— TASK OBJECTIVE —
When the listing has been read, print it out again in full, word for word.

— RECORDS SUPPLIED —
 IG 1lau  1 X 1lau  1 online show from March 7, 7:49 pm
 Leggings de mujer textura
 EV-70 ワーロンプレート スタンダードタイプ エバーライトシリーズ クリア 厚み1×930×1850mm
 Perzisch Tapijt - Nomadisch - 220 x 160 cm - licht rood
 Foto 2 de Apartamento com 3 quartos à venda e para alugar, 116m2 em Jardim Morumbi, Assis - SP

— RESPONSE TO THIS EXERCISE —
 IG 1lau  1 X 1lau  1 online show from March 7, 7:49 pm
 Leggings de mujer textura
 EV-70 ワーロンプレート スタンダードタイプ エバーライトシリーズ クリア 厚み1×930×1850mm
 Perzisch Tapijt - Nomadisch - 220 x 160 cm - licht rood
 Foto 2 de Apartamento com 3 quartos à venda e para alugar, 116m2 em Jardim Morumbi, Assis - SP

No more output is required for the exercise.